I drove to Eldoret, the city of champions, the other day.
The traffic between Nairobi and Nakuru snails on the A104 highway, with entrepreneurial Kenyan drivers tailgating and overlapping and breaking all the other known and unknown rules in the highway code, and outnumbered policemen and women doing their best to enforce the law and to instantly informally tax law breaking motorists.
In Naivasha, and at the Sachangwan-Molo section, everyone, excepting the nutcases and totally clueless, is at their best behaviour. In these sections, even a Tuk-Tuk can overtake a Probox or a Subaru driver.
These sections are said to be where speed cameras have been mounted. These gadgets instill the fear of God into drivers of all backgrounds.
It is more likely, however, that the police monitor speed using unmarked cars. The difference, however, is the same — every driver gets serious chills, for the fines here are real, and the time wasted at the police station or at the courts is capable of disorganizing your schedule for a whole month.
The Naivasha police are particularly notorious for their zealous arrests, even funeral and wedding processions are said not to be spared if they are caught speeding.
Curiously, there are no signs to warn you. At Kinungi, the speed limit is 50km/hr, but the sign declaring that limit was evacuated a long time ago.
Thieves from your favourite business community have ensured that no road sign mounted on any kind of metal remains on the roadside for long.
At the Gilgil weighbridge, the hawkers have been cleared. Not a single one of the hawkers who used to sell yogurt and oranges and South African apples can be seen.
I found myself thinking about the families of these hawkers and how they are putting food on the table, but I must admit that the place looks much better without them.

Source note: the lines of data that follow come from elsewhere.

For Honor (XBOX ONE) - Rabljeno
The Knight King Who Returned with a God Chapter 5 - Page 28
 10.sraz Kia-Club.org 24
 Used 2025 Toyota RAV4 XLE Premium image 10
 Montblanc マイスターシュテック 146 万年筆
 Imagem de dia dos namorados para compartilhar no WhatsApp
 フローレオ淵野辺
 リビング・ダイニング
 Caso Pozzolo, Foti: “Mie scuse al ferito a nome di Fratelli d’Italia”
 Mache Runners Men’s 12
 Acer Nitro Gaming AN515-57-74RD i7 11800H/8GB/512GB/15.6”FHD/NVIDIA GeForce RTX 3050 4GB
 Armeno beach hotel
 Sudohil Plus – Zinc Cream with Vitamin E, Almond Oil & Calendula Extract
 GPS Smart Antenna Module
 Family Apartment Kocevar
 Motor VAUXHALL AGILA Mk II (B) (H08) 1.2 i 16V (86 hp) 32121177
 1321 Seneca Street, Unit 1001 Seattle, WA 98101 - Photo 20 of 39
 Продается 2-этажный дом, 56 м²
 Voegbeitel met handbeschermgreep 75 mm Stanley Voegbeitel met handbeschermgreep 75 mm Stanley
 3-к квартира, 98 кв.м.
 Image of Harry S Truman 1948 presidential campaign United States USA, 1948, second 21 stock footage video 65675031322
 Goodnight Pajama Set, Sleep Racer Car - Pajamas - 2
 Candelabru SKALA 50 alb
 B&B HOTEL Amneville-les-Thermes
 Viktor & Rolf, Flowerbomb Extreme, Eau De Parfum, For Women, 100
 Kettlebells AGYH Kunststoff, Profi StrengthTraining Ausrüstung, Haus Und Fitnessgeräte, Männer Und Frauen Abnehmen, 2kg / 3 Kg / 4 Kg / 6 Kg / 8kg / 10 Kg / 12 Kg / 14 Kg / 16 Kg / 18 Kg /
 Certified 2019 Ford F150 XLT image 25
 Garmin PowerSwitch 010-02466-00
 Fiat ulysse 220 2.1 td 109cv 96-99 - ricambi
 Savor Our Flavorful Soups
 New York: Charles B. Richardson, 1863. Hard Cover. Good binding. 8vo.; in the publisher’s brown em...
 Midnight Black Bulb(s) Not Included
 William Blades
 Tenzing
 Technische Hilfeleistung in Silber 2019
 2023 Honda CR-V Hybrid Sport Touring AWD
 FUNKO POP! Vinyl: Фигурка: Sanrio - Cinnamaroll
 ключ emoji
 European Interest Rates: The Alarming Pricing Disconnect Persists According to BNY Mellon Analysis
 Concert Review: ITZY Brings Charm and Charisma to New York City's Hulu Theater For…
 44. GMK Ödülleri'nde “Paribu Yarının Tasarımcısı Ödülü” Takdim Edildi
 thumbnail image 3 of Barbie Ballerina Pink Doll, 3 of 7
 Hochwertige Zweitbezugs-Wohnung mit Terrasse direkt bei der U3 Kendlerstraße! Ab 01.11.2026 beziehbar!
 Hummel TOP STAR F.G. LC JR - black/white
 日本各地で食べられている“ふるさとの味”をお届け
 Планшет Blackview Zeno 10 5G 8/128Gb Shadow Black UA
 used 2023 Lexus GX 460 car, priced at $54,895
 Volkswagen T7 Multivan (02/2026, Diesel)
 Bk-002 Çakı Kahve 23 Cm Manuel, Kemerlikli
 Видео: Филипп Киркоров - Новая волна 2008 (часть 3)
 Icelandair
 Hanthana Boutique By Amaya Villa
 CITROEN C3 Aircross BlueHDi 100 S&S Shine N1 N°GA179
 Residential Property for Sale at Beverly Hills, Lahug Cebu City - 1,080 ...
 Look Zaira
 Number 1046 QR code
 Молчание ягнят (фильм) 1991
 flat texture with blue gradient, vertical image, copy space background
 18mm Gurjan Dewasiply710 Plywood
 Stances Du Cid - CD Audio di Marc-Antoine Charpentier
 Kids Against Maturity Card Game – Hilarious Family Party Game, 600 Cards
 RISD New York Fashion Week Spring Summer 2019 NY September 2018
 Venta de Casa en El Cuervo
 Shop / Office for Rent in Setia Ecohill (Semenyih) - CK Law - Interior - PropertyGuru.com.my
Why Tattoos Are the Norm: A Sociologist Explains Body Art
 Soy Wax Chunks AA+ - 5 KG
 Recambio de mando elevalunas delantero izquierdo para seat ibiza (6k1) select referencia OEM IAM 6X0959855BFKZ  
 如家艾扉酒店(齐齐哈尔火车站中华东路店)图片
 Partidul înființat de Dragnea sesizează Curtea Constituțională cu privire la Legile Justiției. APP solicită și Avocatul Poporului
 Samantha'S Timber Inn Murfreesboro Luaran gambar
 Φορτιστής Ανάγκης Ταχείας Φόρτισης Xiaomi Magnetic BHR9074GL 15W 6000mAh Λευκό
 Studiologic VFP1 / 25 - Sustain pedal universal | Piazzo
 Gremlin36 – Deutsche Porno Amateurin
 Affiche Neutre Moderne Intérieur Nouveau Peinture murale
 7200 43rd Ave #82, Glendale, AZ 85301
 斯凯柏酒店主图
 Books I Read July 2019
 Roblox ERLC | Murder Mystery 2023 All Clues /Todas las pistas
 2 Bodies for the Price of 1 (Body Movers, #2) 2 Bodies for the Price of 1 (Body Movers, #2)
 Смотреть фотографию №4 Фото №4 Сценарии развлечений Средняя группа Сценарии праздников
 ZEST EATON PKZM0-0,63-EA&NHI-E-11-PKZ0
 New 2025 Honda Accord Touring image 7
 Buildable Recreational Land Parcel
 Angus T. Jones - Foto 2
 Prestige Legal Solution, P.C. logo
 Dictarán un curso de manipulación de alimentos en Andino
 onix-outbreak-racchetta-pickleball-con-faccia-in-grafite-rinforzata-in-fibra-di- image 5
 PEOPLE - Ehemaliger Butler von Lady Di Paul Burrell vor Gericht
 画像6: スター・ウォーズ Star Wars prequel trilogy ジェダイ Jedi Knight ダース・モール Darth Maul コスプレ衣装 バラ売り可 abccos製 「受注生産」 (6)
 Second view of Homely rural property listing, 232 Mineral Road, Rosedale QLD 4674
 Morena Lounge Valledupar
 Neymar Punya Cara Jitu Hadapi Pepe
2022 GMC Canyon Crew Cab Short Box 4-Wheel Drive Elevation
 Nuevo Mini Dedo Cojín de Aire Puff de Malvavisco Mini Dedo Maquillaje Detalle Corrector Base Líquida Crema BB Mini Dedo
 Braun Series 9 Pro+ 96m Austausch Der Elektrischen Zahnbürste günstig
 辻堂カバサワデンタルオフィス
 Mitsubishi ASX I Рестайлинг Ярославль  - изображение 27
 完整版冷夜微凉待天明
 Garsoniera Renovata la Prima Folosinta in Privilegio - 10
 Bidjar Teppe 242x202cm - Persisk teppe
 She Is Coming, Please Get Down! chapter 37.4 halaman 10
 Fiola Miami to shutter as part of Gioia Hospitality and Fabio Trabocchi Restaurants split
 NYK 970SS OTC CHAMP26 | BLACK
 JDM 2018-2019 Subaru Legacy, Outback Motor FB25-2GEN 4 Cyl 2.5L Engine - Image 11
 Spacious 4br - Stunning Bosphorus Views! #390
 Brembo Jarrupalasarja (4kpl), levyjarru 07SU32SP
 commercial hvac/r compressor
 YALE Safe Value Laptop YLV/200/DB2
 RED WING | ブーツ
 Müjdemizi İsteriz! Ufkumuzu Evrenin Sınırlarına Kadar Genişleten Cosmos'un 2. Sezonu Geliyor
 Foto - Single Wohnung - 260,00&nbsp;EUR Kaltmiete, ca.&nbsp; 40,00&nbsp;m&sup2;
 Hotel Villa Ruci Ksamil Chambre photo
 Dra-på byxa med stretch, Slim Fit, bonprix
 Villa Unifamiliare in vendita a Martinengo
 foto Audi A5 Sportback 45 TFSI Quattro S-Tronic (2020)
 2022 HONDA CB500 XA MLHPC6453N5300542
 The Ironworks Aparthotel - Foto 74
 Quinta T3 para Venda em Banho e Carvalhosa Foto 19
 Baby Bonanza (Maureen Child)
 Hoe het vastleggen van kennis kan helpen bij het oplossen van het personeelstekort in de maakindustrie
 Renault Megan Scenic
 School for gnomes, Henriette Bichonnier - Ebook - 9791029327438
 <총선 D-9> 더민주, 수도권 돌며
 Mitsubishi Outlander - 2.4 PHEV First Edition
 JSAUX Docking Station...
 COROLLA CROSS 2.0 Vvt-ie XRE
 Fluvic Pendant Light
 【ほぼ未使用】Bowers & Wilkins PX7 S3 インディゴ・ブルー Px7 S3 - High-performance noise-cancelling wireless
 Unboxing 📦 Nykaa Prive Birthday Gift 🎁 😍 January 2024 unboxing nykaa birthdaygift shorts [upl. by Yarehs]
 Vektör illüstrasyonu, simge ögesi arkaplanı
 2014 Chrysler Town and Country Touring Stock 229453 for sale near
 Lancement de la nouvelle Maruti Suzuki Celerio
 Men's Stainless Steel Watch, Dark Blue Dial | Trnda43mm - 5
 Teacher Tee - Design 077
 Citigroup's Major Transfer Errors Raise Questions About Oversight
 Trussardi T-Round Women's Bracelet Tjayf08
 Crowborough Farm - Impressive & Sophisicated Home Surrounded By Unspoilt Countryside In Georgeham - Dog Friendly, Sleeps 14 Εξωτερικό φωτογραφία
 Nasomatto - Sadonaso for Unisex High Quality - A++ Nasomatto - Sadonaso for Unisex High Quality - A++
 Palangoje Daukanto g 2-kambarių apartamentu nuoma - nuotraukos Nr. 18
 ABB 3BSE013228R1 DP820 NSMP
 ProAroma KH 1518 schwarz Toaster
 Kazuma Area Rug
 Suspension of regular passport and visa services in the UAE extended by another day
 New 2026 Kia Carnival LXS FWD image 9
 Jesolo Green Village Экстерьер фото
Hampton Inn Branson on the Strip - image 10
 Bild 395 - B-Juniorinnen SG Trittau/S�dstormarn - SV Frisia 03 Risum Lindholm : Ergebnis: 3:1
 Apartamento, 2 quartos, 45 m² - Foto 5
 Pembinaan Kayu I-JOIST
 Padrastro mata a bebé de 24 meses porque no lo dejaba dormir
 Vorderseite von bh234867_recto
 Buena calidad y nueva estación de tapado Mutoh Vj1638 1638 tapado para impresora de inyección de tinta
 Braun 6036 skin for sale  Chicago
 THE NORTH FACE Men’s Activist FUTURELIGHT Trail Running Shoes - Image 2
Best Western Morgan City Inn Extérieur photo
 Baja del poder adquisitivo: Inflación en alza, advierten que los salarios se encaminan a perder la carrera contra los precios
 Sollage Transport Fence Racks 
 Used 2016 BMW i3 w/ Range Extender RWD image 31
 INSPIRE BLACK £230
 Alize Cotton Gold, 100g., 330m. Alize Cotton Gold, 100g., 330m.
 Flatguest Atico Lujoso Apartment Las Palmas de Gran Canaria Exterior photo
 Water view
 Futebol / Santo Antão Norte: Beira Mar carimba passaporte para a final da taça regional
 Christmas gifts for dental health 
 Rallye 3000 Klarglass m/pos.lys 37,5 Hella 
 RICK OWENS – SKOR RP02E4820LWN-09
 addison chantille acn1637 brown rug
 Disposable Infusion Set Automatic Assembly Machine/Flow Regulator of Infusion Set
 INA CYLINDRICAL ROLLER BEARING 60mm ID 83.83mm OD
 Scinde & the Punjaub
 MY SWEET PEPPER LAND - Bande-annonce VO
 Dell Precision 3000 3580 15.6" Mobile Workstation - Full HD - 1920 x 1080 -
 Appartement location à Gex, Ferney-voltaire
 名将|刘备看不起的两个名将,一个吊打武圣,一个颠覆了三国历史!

What is certain is that the government is likely to face a lot of criticism about the removal of these people from the weighbridge, where they were providing a vital (food) service to truck drivers stuck there.
The government is likely to be seen as being against the informal sector although it is clear that you don’t find hawkers on major highways in the developed world.
The 11km climb to Mau Summit, Londian and Timboroa and on to Burnt Forest is much safer now, thanks to the on-going separation of lanes with huge concrete blocks. I am sure this has resulted in a noticeable decrease in the number of road accidents that used to be so common in that section of the road.
It is a pity that the road zigzags so much as it goes up, preventing you from enjoying the beauty of this place.
If the Kenya Forest Service was led by entrepreneurial leaders, it would construct a rest stop facility with good clean toilets and hot tea in the middle of its expansive forests and, at the bare minimum, offer ngumu mandazis.
But I know, they will argue that selling tea is not their core business. And that is how we often miss great opportunities — by rationalizing ourselves into complete lethargy.